I will deal with him later.
However, it started me thinking about my love of cooking and entertaining, and how it all got started.
When I was a little girl, my Mom, would occasionally plan a fancy dinner for just the four of us, Mom, Dad, sis and I. We would eat in the dining room, with the pretty plates, and not watch TV. Sinatra or Ella, Mom and Dad’s favorites, would be playing on the stereo and, as she served the dinner, she would be singing along. This was as much a treat as the special meal. Her voice was, and still is, as good as any of the big band singers, rather like an early Christina Aguilera.

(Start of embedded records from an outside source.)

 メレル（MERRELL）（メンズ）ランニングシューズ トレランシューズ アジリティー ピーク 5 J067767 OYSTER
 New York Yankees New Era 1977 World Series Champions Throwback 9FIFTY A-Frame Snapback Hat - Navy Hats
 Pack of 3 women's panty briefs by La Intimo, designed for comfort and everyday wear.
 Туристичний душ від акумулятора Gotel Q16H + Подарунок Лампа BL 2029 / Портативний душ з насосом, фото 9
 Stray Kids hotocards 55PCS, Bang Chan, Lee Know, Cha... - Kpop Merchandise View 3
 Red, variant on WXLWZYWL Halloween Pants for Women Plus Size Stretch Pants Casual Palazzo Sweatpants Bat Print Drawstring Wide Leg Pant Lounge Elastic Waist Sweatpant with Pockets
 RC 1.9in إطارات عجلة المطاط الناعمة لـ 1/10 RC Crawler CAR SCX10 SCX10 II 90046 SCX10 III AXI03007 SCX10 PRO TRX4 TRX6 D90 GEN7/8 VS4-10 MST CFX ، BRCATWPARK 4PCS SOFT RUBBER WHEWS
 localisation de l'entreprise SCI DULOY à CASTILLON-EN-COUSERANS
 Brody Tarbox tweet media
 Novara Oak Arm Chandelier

I learned a lot from those dinners: How to plan a menu, how to time it so all the food is hot, the importance of a centerpiece, not to use the chipped crystal, and to always serve a salad.
As I got older, I would design and create a paper menu to commemorate the occasion. A simple task, but it meant the world to me. I was also assigned the dubious task of preventing my little sister (aka HER) from feeding the shrimp cocktails to the cat.
Mom was famous for her Christmas Eve parties. A very close friend of mine loved them, and once said to her, “your parties make me so sick, because I always stuff myself”.
I will never forget the day of my twentieth birthday. I had worked a fashion show in town, and as I walked down the hill from the bus stop, I could smell the tantalizing aroma of Chicken Parmesan emanating from our house - a block away! Until that day, I had no idea I could run that fast in high heels.
There was another dinner I remember quite well. This time I had just arrived home late from art school, “What’s for dinner, Mom?”, I asked as I came through the door. She turned around, holding a large shallow bowl of pasta, “Fettuccine with Crab”, she said, and tilted it slightly for me to see. Gravity took hold, and the contents slipped out, all over her brand new designer shoes, onto the kitchen floor - crab and all. Luckily, there was a burger drive-through down the street.
That was a lot of years ago. Mom is cooking just for one now, and the meals are on the leaner, healthier side. But she’s still using the fancy plates and still wearing those designer shoes. What a gal!
Meals make memories. Plan a special one for your family soon. Just make sure you keep the pasta in the bowl, and not on the floor.